┌─ SOURCE MATERIAL

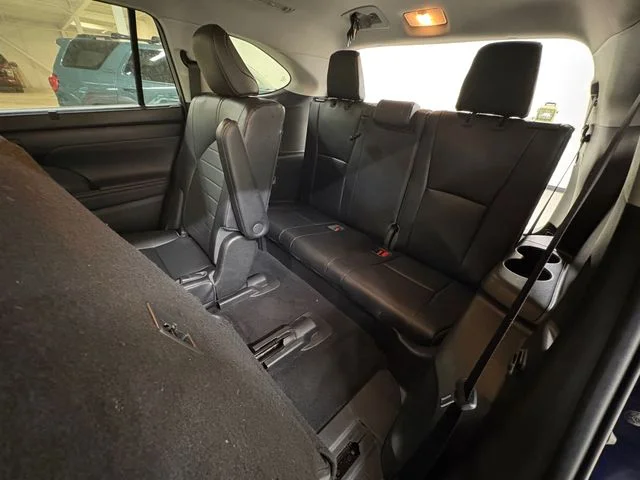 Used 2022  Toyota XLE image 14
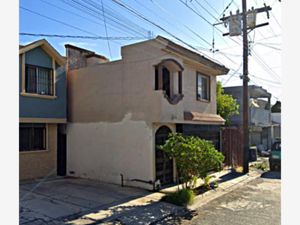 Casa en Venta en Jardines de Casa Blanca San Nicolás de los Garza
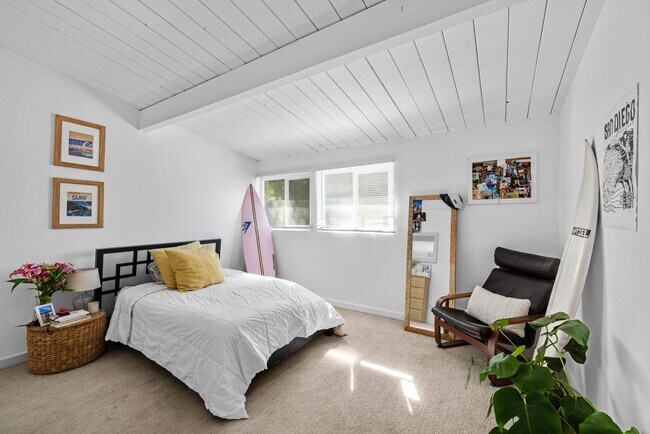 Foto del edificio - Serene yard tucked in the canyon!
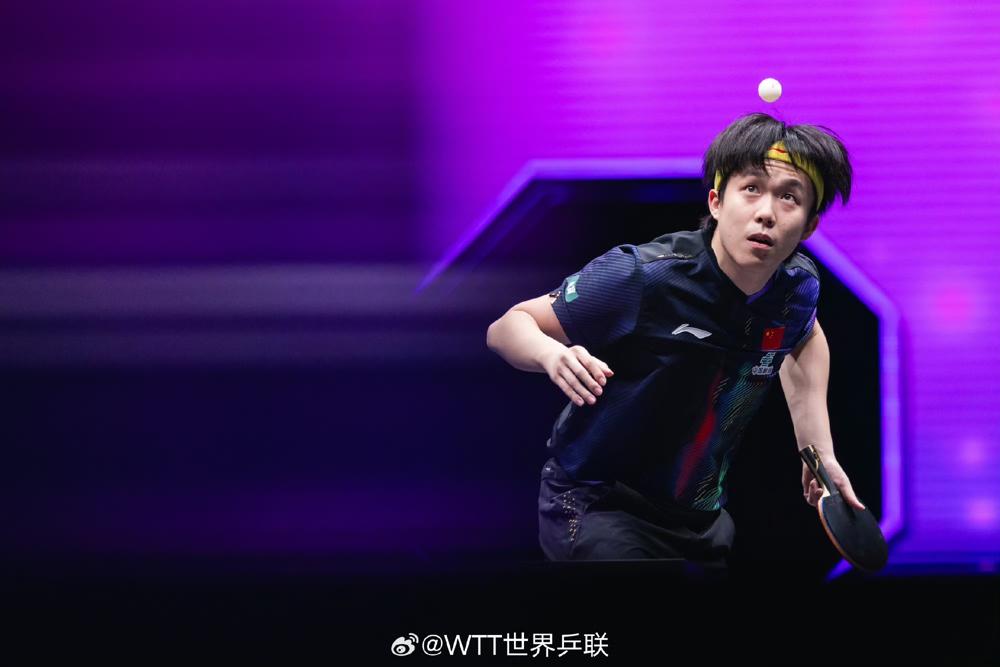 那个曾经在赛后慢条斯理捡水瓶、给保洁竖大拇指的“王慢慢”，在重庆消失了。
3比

└─
┌─ SOURCE MATERIAL

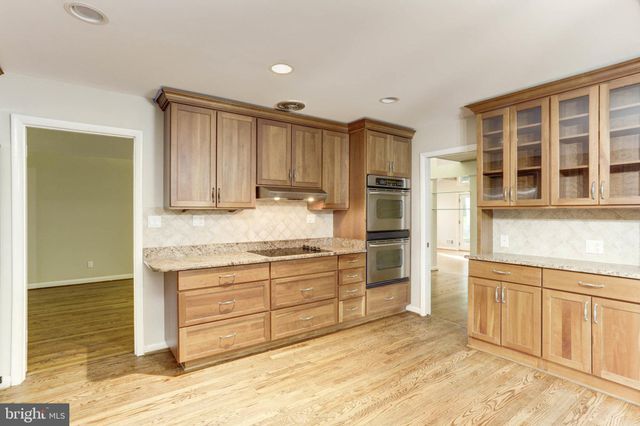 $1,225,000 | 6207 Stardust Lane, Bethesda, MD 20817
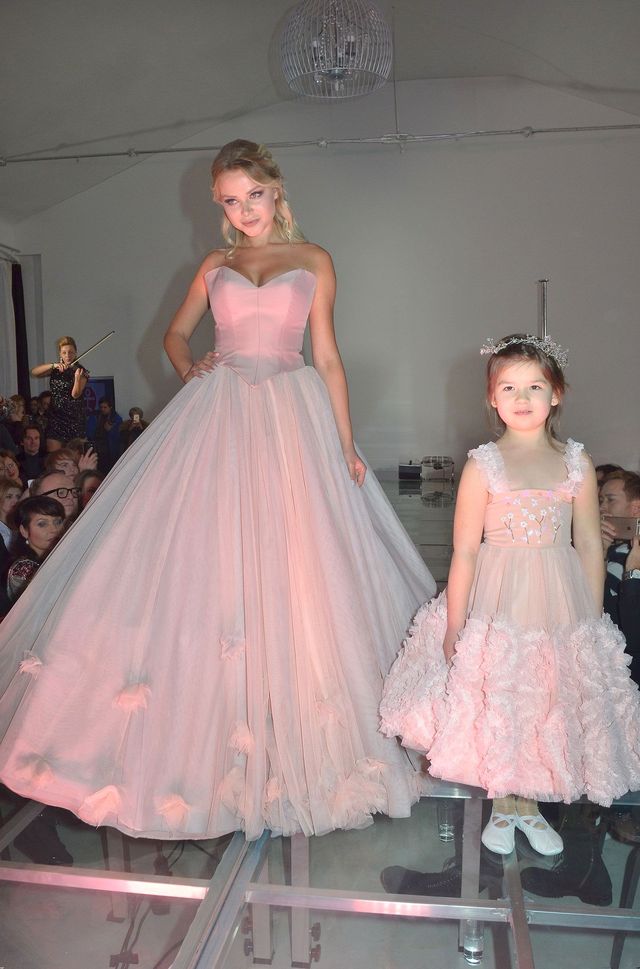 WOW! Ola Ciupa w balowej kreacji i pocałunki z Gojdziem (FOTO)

└─

> _THE PROBLEM_: Leave the pictures out. Output, exactly, the lines of the material above starting at the line containing "Bethesda, MD 20817" and ending at the line containing "WOW! Ola Ciupa".

> _EXERCISE OUTPUT_:
 $1,225,000 | 6207 Stardust Lane, Bethesda, MD 20817
 WOW! Ola Ciupa w balowej kreacji i pocałunki z Gojdziem (FOTO)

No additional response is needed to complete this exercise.